AMD-GFX Archive on lore.kernel.org
 help / color / mirror / Atom feed
From: "Christian König" <christian.koenig@amd.com>
To: Hamza Mahfooz <someguy@effective-light.com>,
	dri-devel@lists.freedesktop.org
Cc: "Michel Dänzer" <michel.daenzer@mailbox.org>,
	"Harry Wentland" <harry.wentland@amd.com>,
	"Leo Li" <sunpeng.li@amd.com>,
	"Rodrigo Siqueira" <siqueira@igalia.com>,
	"Alex Deucher" <alexander.deucher@amd.com>,
	"David Airlie" <airlied@gmail.com>,
	"Simona Vetter" <simona@ffwll.ch>,
	"Maarten Lankhorst" <maarten.lankhorst@linux.intel.com>,
	"Maxime Ripard" <mripard@kernel.org>,
	"Thomas Zimmermann" <tzimmermann@suse.de>,
	"Mario Limonciello" <mario.limonciello@amd.com>,
	"Alex Hung" <alex.hung@amd.com>, "Wayne Lin" <Wayne.Lin@amd.com>,
	"Aurabindo Pillai" <aurabindo.pillai@amd.com>,
	"Ivan Lipski" <ivan.lipski@amd.com>,
	"Timur Kristóf" <timur.kristof@gmail.com>,
	"Dominik Kaszewski" <dominik.kaszewski@amd.com>,
	amd-gfx@lists.freedesktop.org, linux-kernel@vger.kernel.org
Subject: Re: [PATCH v3 1/2] drm: introduce KMS recovery mechanism
Date: Wed, 18 Feb 2026 10:31:24 +0100	[thread overview]
Message-ID: <27b9da4f-bd6f-4426-a5fe-94e0afdbae70@amd.com> (raw)
In-Reply-To: <20260212230905.688006-1-someguy@effective-light.com>

On 2/13/26 00:08, Hamza Mahfooz wrote:
> There should be a mechanism for drivers to respond to flip_done
> timeouts.

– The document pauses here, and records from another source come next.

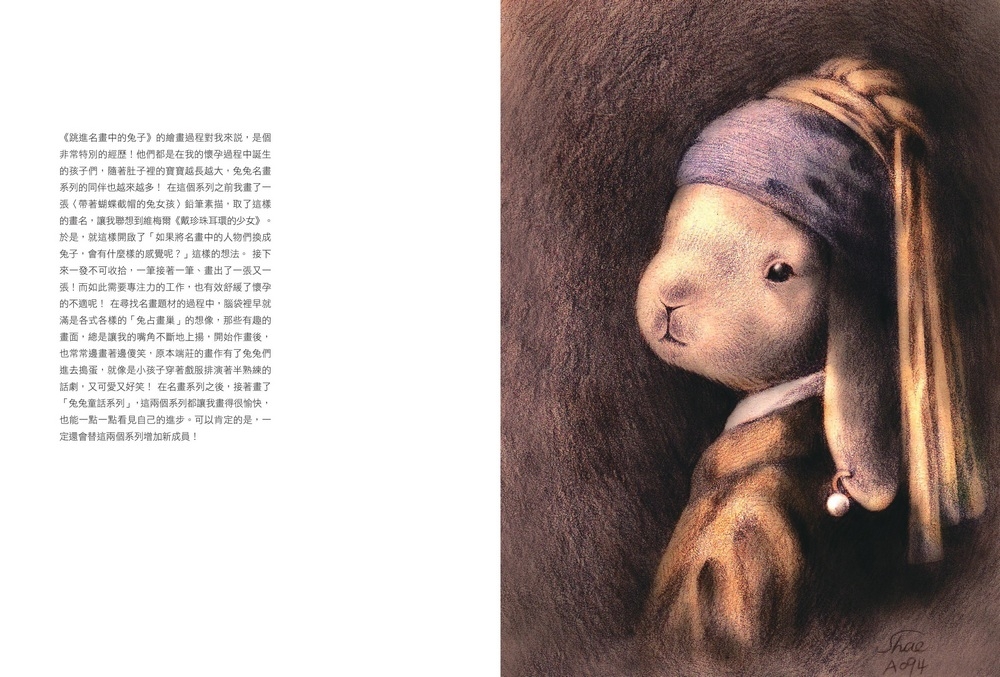 book1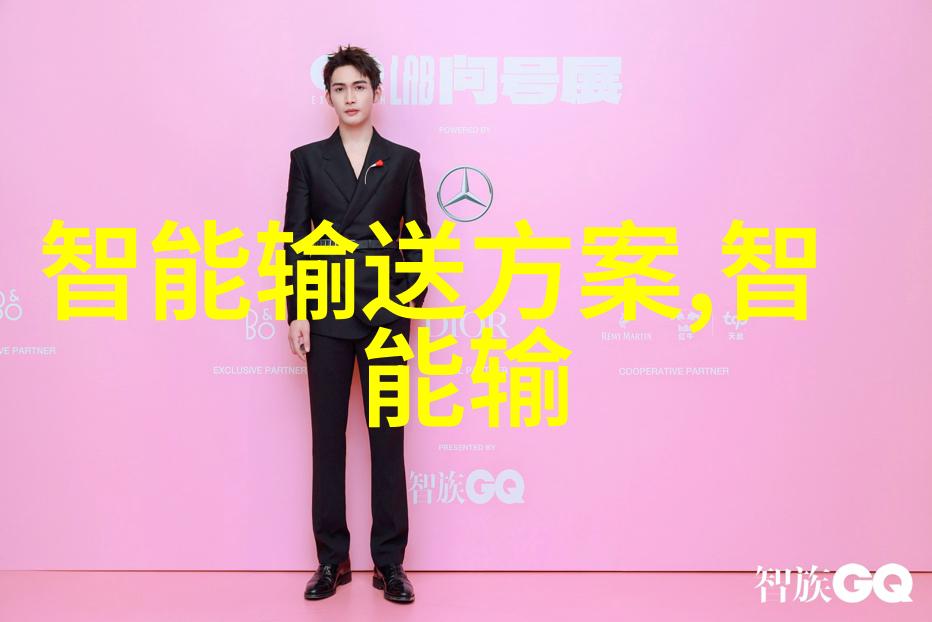 区别于传统设计新一代压力容器对防腐技术有什么影响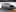 2027 Chevrolet Traverse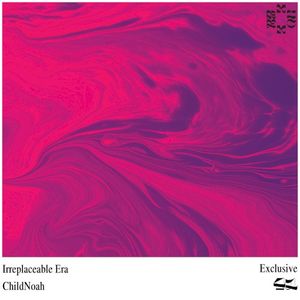 Irreplaceable Era (Single)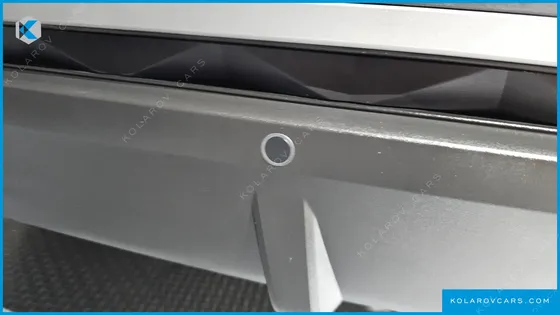 HYUNDAI TUCSON DIESEL 2.0 2WD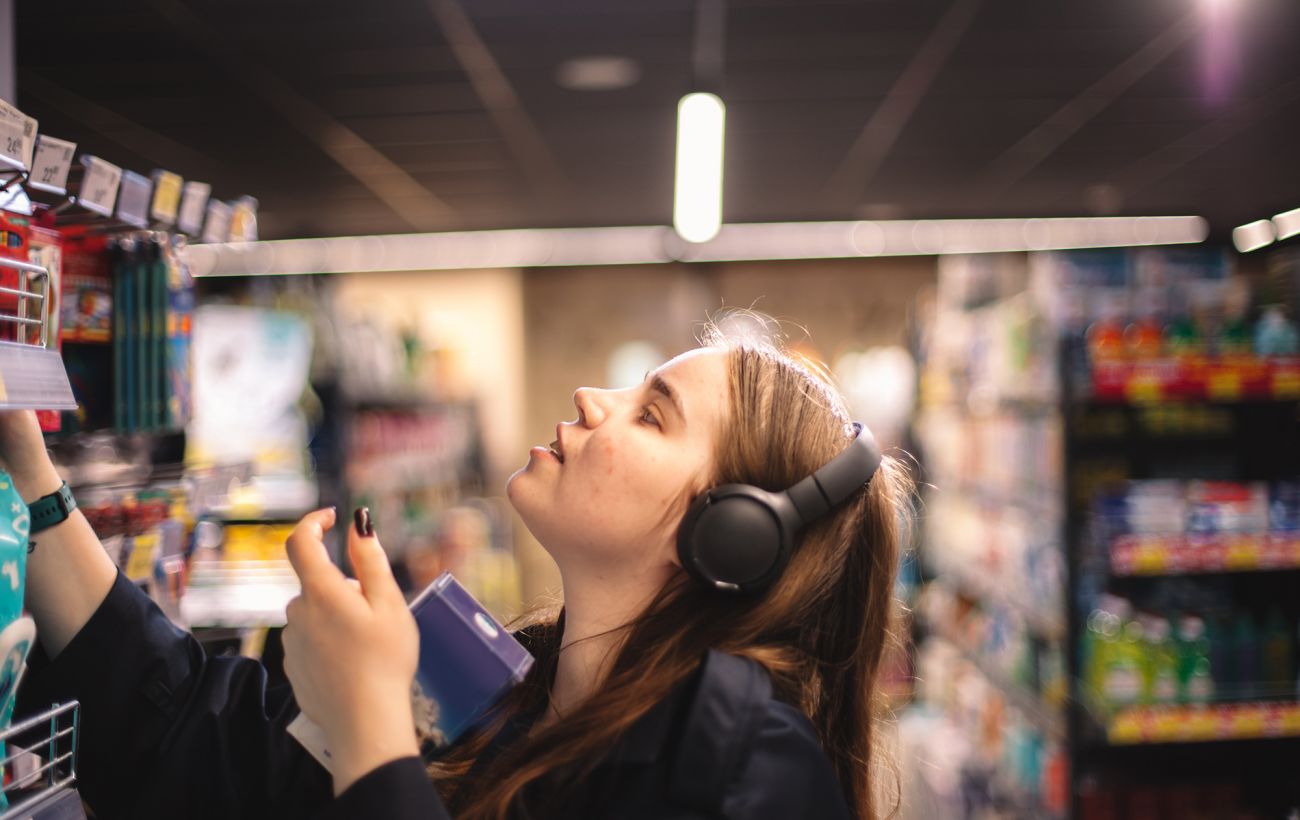 Доступність для українців: в Україні розпочнеться продаж ліків на АЗК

Since, as it stands it is possible for the display to stall
> indefinitely, necessitating a hard reset. So, introduce a new mechanism
> that tries various methods of recovery with increasing aggression, in
> the following order:
> 
> 1. Force a full modeset (have the compositor reprogram the state from
>    scratch).
> 2. As a last resort, have the driver attempt a vendor specific reset
>    (which they can do by reading the return value of
>    drm_atomic_helper_wait_for_flip_done()).
> 
> Signed-off-by: Hamza Mahfooz <someguy@effective-light.com>
> ---
> v2: new to the series
> v3: get rid of page_flip_timeout() and have
>     drm_atomic_helper_wait_for_flip_done() return a error.
> ---
>  drivers/gpu/drm/drm_atomic_helper.c | 45 +++++++++++++++++++++++++----
>  include/drm/drm_atomic_helper.h     |  4 +--
>  include/drm/drm_device.h            | 24 +++++++++++++++
>  3 files changed, 66 insertions(+), 7 deletions(-)
> 
> diff --git a/drivers/gpu/drm/drm_atomic_helper.c b/drivers/gpu/drm/drm_atomic_helper.c
> index 5840e9cc6f66..6ae1234b9e20 100644
> --- a/drivers/gpu/drm/drm_atomic_helper.c
> +++ b/drivers/gpu/drm/drm_atomic_helper.c
> @@ -42,6 +42,7 @@
>  #include <drm/drm_gem_atomic_helper.h>
>  #include <drm/drm_panic.h>
>  #include <drm/drm_print.h>
> +#include <drm/drm_probe_helper.h>
>  #include <drm/drm_self_refresh_helper.h>
>  #include <drm/drm_vblank.h>
>  #include <drm/drm_writeback.h>
> @@ -1864,11 +1865,15 @@ EXPORT_SYMBOL(drm_atomic_helper_wait_for_vblanks);
>   *
>   * This requires that drivers use the nonblocking commit tracking support
>   * initialized using drm_atomic_helper_setup_commit().
> + *
> + * Returns:
> + * -ETIMEDOUT to indicate that drivers can attempt a vendor reset, 0 otherwise.
>   */
> -void drm_atomic_helper_wait_for_flip_done(struct drm_device *dev,
> -					  struct drm_atomic_state *state)
> +int drm_atomic_helper_wait_for_flip_done(struct drm_device *dev,
> +					 struct drm_atomic_state *state)
>  {
>  	struct drm_crtc *crtc;
> +	int ret = 0;
>  	int i;
>  
>  	for (i = 0; i < dev->mode_config.num_crtc; i++) {
> @@ -1881,13 +1886,43 @@ void drm_atomic_helper_wait_for_flip_done(struct drm_device *dev,
>  			continue;
>  
>  		ret = wait_for_completion_timeout(&commit->flip_done, 10 * HZ);
> -		if (ret == 0)
> -			drm_err(dev, "[CRTC:%d:%s] flip_done timed out\n",
> -				crtc->base.id, crtc->name);
> +		if (!ret) {
> +			switch (dev->reset_phase) {
> +			case DRM_KMS_RESET_NONE:

That state machine is driver specific and so doesn't belong into DRM.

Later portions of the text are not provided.